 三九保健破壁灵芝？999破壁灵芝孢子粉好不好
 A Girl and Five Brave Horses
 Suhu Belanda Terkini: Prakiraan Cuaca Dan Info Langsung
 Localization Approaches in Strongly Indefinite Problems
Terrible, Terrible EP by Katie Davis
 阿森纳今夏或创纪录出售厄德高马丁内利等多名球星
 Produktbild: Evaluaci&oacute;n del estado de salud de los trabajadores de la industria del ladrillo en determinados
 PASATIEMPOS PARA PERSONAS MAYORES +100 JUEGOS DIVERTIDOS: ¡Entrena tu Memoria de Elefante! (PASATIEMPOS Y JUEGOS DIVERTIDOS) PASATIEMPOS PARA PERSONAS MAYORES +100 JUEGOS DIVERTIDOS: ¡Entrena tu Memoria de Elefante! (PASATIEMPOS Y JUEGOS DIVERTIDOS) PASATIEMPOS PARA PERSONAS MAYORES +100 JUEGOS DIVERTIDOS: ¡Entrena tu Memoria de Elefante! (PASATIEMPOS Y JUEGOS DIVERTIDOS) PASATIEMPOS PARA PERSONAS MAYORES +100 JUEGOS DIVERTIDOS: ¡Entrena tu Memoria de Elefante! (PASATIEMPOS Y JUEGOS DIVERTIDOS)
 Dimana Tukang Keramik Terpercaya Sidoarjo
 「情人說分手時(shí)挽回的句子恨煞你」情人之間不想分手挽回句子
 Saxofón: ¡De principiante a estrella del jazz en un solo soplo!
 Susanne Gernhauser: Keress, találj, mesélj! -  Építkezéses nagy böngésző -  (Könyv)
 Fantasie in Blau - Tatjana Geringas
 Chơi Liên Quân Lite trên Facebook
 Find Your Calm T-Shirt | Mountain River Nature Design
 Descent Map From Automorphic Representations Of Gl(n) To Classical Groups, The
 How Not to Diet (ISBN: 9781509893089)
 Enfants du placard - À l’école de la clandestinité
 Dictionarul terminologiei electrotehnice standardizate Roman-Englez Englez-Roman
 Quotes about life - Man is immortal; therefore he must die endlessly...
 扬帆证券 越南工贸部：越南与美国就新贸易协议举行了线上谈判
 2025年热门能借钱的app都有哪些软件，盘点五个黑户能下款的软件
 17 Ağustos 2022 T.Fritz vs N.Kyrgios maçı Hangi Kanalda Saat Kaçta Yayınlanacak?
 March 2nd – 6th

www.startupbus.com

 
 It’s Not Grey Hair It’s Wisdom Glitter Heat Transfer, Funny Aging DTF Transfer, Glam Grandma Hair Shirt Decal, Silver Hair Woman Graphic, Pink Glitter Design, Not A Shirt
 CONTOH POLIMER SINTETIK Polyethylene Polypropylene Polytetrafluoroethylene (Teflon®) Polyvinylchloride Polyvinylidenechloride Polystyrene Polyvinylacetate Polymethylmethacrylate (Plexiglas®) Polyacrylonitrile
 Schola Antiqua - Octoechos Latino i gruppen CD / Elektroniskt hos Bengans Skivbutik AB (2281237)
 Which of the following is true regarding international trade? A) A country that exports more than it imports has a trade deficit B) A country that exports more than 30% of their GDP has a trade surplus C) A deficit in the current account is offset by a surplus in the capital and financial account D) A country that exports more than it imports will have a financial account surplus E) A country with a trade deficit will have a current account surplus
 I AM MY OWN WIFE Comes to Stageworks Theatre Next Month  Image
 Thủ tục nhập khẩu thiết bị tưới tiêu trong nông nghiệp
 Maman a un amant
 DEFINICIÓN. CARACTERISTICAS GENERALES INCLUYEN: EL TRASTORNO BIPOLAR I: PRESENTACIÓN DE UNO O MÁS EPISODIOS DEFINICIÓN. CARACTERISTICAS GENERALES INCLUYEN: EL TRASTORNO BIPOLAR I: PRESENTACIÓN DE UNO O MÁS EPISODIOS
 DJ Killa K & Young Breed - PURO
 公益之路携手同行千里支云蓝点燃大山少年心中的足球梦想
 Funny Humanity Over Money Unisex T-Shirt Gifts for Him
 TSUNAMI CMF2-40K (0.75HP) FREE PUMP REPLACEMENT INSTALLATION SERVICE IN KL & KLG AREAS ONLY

▶ _Work order_: Every line above must appear again in your reply, exactly as written.

▶ _Your solution_:
 三九保健破壁灵芝？999破壁灵芝孢子粉好不好
 A Girl and Five Brave Horses
 Suhu Belanda Terkini: Prakiraan Cuaca Dan Info Langsung
 Localization Approaches in Strongly Indefinite Problems
Terrible, Terrible EP by Katie Davis
 阿森纳今夏或创纪录出售厄德高马丁内利等多名球星
 Produktbild: Evaluaci&oacute;n del estado de salud de los trabajadores de la industria del ladrillo en determinados
 PASATIEMPOS PARA PERSONAS MAYORES +100 JUEGOS DIVERTIDOS: ¡Entrena tu Memoria de Elefante! (PASATIEMPOS Y JUEGOS DIVERTIDOS) PASATIEMPOS PARA PERSONAS MAYORES +100 JUEGOS DIVERTIDOS: ¡Entrena tu Memoria de Elefante! (PASATIEMPOS Y JUEGOS DIVERTIDOS) PASATIEMPOS PARA PERSONAS MAYORES +100 JUEGOS DIVERTIDOS: ¡Entrena tu Memoria de Elefante! (PASATIEMPOS Y JUEGOS DIVERTIDOS) PASATIEMPOS PARA PERSONAS MAYORES +100 JUEGOS DIVERTIDOS: ¡Entrena tu Memoria de Elefante! (PASATIEMPOS Y JUEGOS DIVERTIDOS)
 Dimana Tukang Keramik Terpercaya Sidoarjo
 「情人說分手時(shí)挽回的句子恨煞你」情人之間不想分手挽回句子
 Saxofón: ¡De principiante a estrella del jazz en un solo soplo!
 Susanne Gernhauser: Keress, találj, mesélj! -  Építkezéses nagy böngésző -  (Könyv)
 Fantasie in Blau - Tatjana Geringas
 Chơi Liên Quân Lite trên Facebook
 Find Your Calm T-Shirt | Mountain River Nature Design
 Descent Map From Automorphic Representations Of Gl(n) To Classical Groups, The
 How Not to Diet (ISBN: 9781509893089)
 Enfants du placard - À l’école de la clandestinité
 Dictionarul terminologiei electrotehnice standardizate Roman-Englez Englez-Roman
 Quotes about life - Man is immortal; therefore he must die endlessly...
 扬帆证券 越南工贸部：越南与美国就新贸易协议举行了线上谈判
 2025年热门能借钱的app都有哪些软件，盘点五个黑户能下款的软件
 17 Ağustos 2022 T.Fritz vs N.Kyrgios maçı Hangi Kanalda Saat Kaçta Yayınlanacak?
 March 2nd – 6th

www.startupbus.com

 
 It’s Not Grey Hair It’s Wisdom Glitter Heat Transfer, Funny Aging DTF Transfer, Glam Grandma Hair Shirt Decal, Silver Hair Woman Graphic, Pink Glitter Design, Not A Shirt
 CONTOH POLIMER SINTETIK Polyethylene Polypropylene Polytetrafluoroethylene (Teflon®) Polyvinylchloride Polyvinylidenechloride Polystyrene Polyvinylacetate Polymethylmethacrylate (Plexiglas®) Polyacrylonitrile
 Schola Antiqua - Octoechos Latino i gruppen CD / Elektroniskt hos Bengans Skivbutik AB (2281237)
 Which of the following is true regarding international trade? A) A country that exports more than it imports has a trade deficit B) A country that exports more than 30% of their GDP has a trade surplus C) A deficit in the current account is offset by a surplus in the capital and financial account D) A country that exports more than it imports will have a financial account surplus E) A country with a trade deficit will have a current account surplus
 I AM MY OWN WIFE Comes to Stageworks Theatre Next Month  Image
 Thủ tục nhập khẩu thiết bị tưới tiêu trong nông nghiệp
 Maman a un amant
 DEFINICIÓN. CARACTERISTICAS GENERALES INCLUYEN: EL TRASTORNO BIPOLAR I: PRESENTACIÓN DE UNO O MÁS EPISODIOS DEFINICIÓN. CARACTERISTICAS GENERALES INCLUYEN: EL TRASTORNO BIPOLAR I: PRESENTACIÓN DE UNO O MÁS EPISODIOS
 DJ Killa K & Young Breed - PURO
 公益之路携手同行千里支云蓝点燃大山少年心中的足球梦想
 Funny Humanity Over Money Unisex T-Shirt Gifts for Him
 TSUNAMI CMF2-40K (0.75HP) FREE PUMP REPLACEMENT INSTALLATION SERVICE IN KL & KLG AREAS ONLY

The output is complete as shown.